Service Issue in Platform - SMS API, Verify API, Messages API
Incident Report for Vonage API
Postmortem

Date/Time Impacted

2022-05-19 15:31 UTC - 2022-05-19 15:34 UTC

Services Impacted

SMS API

Verify API

Messages API

Summary

Our backend authentication service experienced a configuration error resulting in customers experiencing HTTP 403 responses to impacted services. 

At 15:34 UTC our engineering team was alerted to a problem related to an increase in customer API failures. Further investigation revealed an increase in customer HTTP 403 responses, and we immediately attributed the cause to a recent software update which had been deployed at 15:28 UTC. The software update was completed at 15:34 UTC and therefore no further impact was experienced after this time.

Root Cause

On May 19th at 15:28 UTC we deployed a routine software update on our platform; no customer impact was expected as part of this update. At the start of the deployment process, a manual step was missed and the upshot of this remained undetected during the deployment. Upon completion, the update appeared to be successful. However, due to missing an initial step in the deployment process, the authentication service experienced instability issues. More specifically, requests requiring authentication were incorrectly routed to services undergoing restarts (to commit the update). Ultimately, the services undergoing a restart were unable to process requests resulting in the inability to authenticate some customer API requests temporarily. 

Restoration Actions

No direct restorative actions were required; the software update was completed and therefore customer impact halted.

Next Steps

  • Implement additional automation in our deployment process to reduce manual intervention
  • Implement configuration to gracefully shutdown internal services processing authentication requests
  • Expand our monitoring scope by alerting on elevated 4xx errors, per region
  • Review the frequency of our automated testing
  • Configure services to respond with a specific status code during a period of unavailability
Posted May 23, 2022 - 14:00 UTC

Resolved
This incident has been resolved.
Posted May 19, 2022 - 16:53 UTC
Update
We are continuing to monitor for any further issues.
Posted May 19, 2022 - 15:55 UTC
Monitoring
We have identified the root cause of this issue and implemented a fix to restore the full functionality of the following services:

SMS API
Verify API
Messages API

From 19-05-2022 15:31 UTC until 15:34 UTC customers submitting API requests to impacted services may have experienced HTTP 403 responses.

We will continue to monitor the service during the next few hours and post updates should anything change.
Posted May 19, 2022 - 15:55 UTC
Investigating
Our monitoring has alerted us to a potential service issue with our platform. Although It is not yet certain whether there is any customer impact, we are alerting customers immediately while our engineering teams investigate.
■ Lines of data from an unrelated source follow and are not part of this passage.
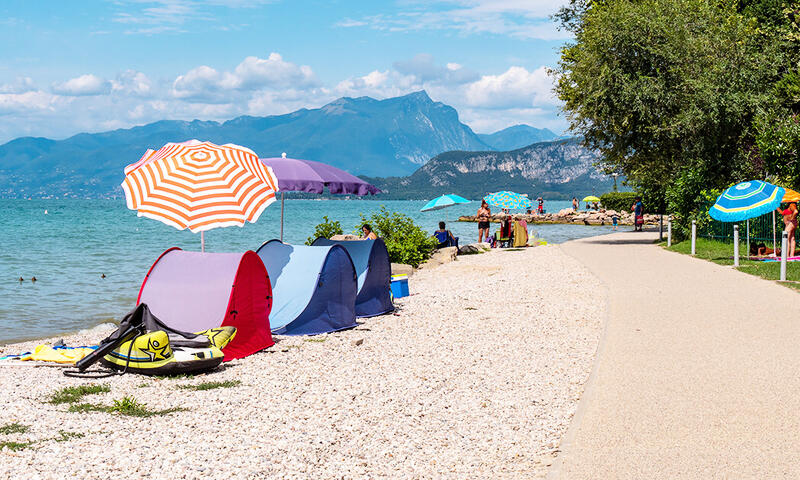 Camping Cisano & San Vito **** - Cisano di Bardolino - 18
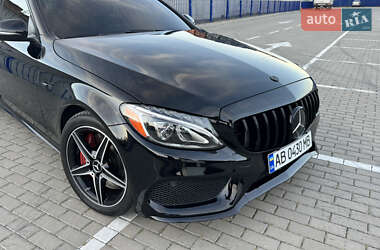 Седан Mercedes-Benz C-Class 2017 в 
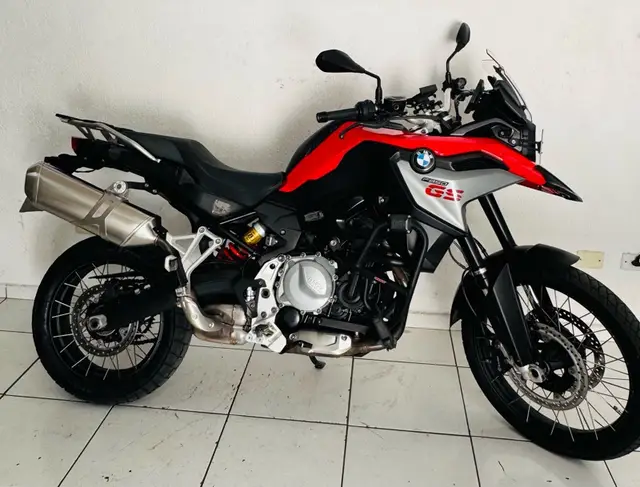 Moto BMW F 850 GS 2019 GS ADVENTURE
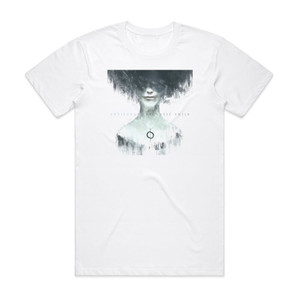 Annisokay Enigmatic Smile Album Cover T-Shirt White Annisokay Enigmatic Smile Album Cover T-Shirt White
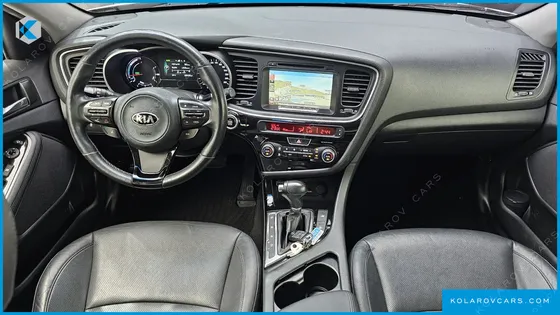 KIA K5 500H PRESTIGE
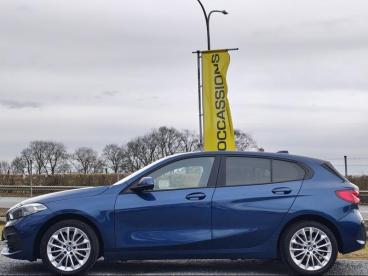 SPOTICAR Bmw Serie 1 Auto / Sieges Sport / Jantes 17 Occasions - Berline Diesel Blue - Libramont-chevigny - 1200369015_5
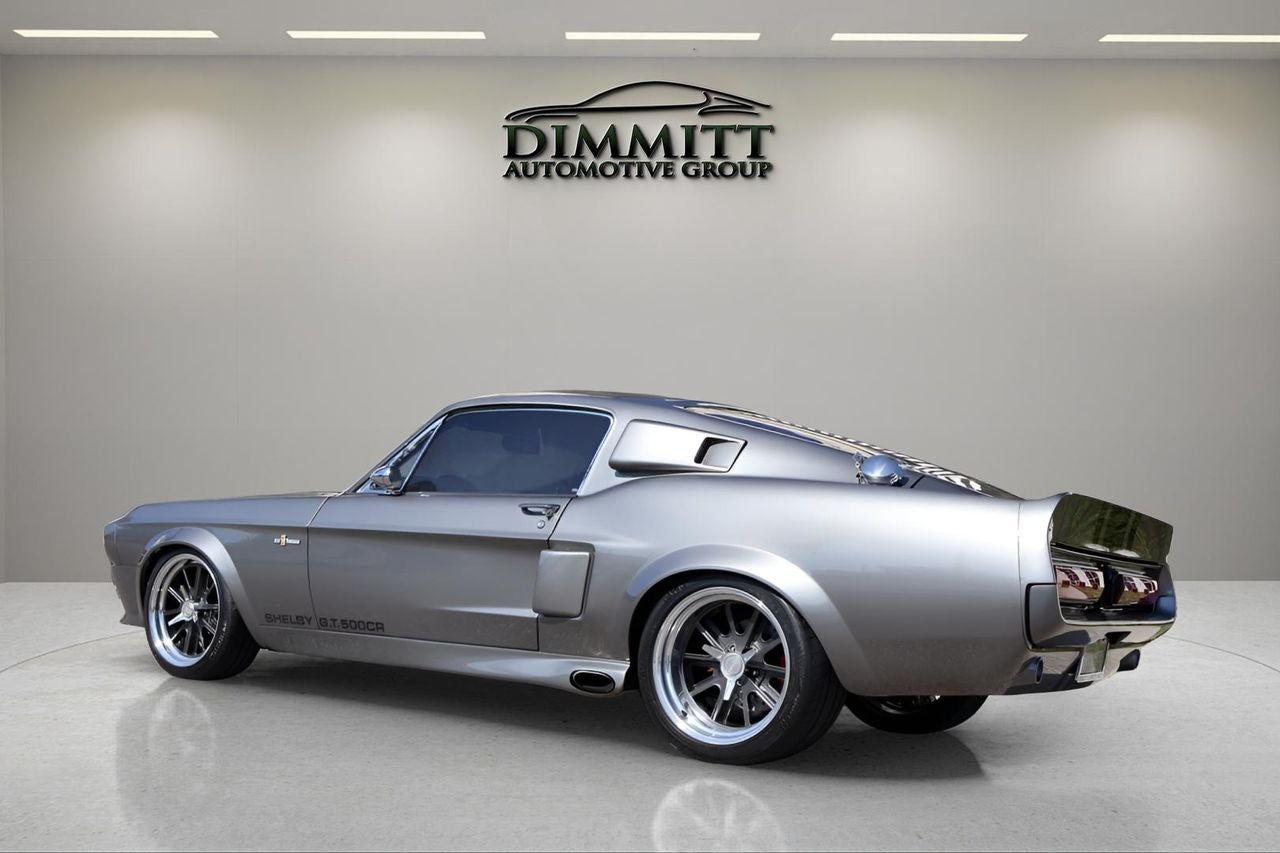 1967 Ford Mustang Shelby GT500CR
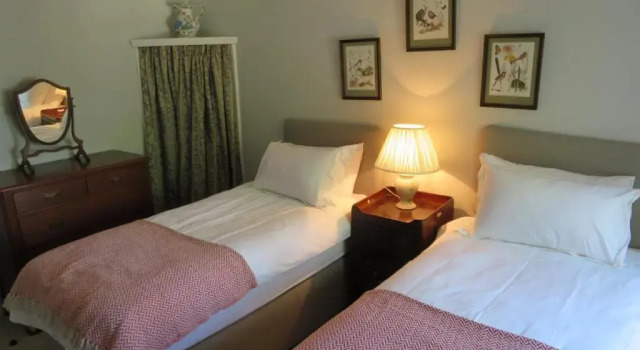 Двухместный номер Standard Balvraid Lodge B&B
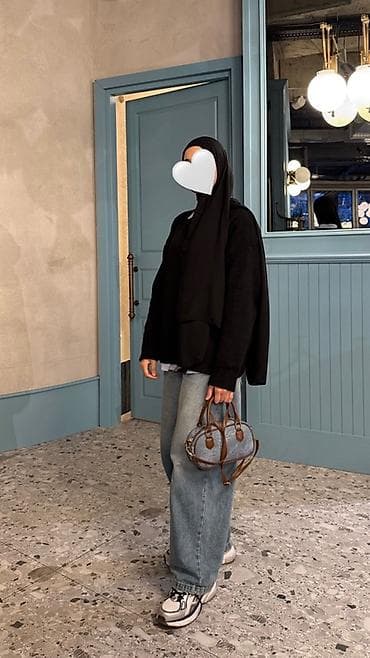 36: Cinslər, Bershka, rəng - Mavi — 5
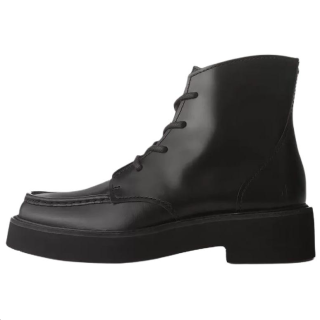 RAG&BONE Tucker Cow Leather Ankle Boots Men's Black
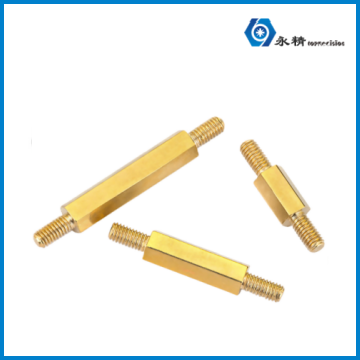 防腐蚀铜柱双头螺栓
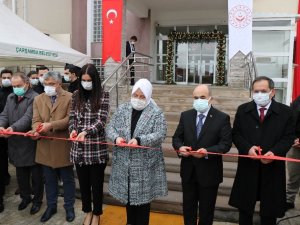 Bakan Selçuk: "Hayaller engelsizdir"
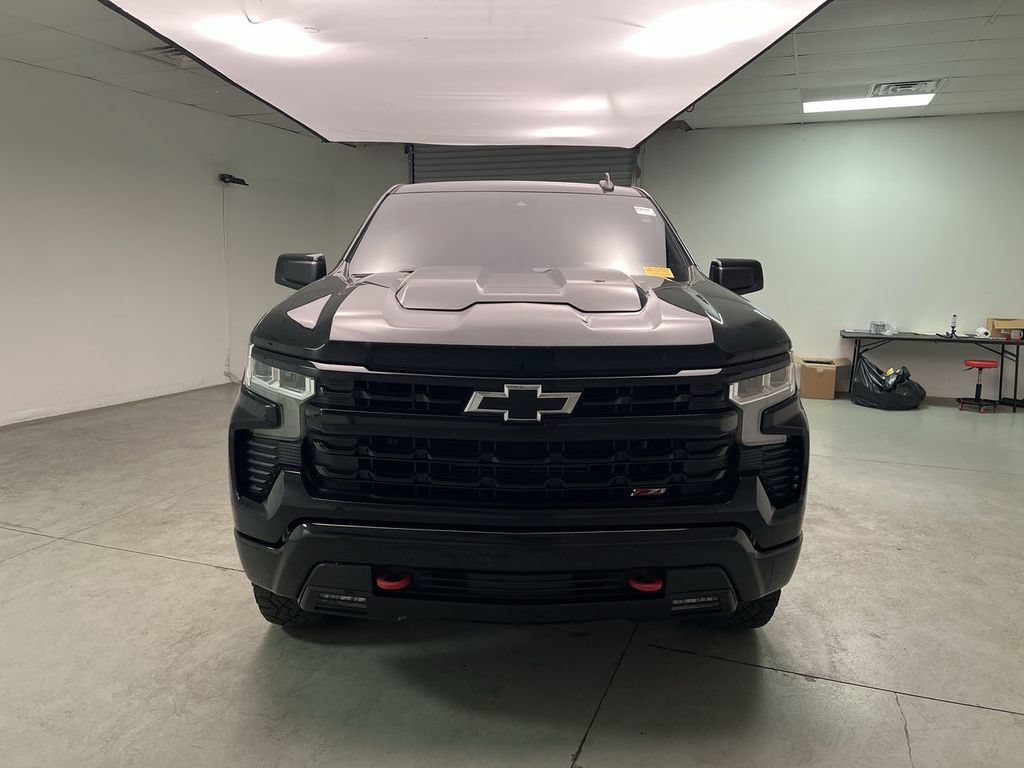 Used 2022 Black Chevrolet LT Trail Boss image 3
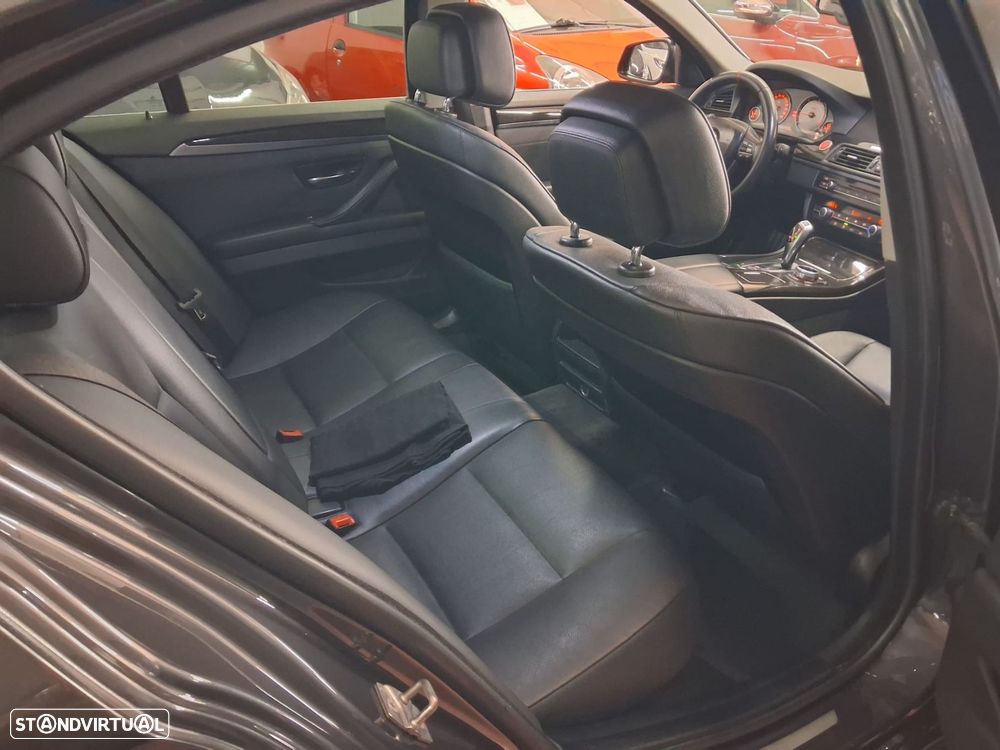 BMW 520 d Line Modern Auto - 13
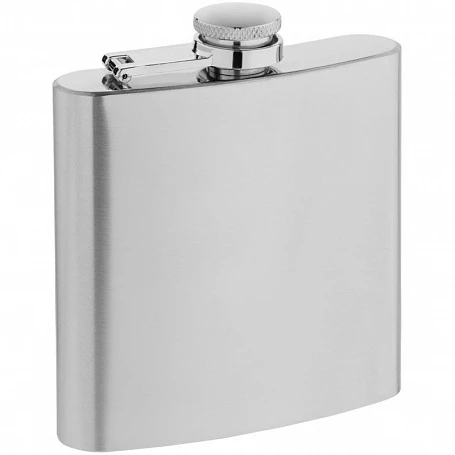 УЦЕНКА! Фляжка Muse, стальная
If there is a customer impact, it is likely to be affecting the following products:

SMS API
Verify API
Messages API
Dispatch API

We aim to provide an update on our investigation within 1 hour.

Please see this article - https://help.nexmo.com/hc/en-us/articles/360015693092-Nexmo-Incident-Handling - for an explanation of our approach to publishing incidents.
Posted May 19, 2022 - 15:45 UTC
This incident affected: SMS API (Outbound SMS) and Verify API and Verify SDK, [Beta] Messages API.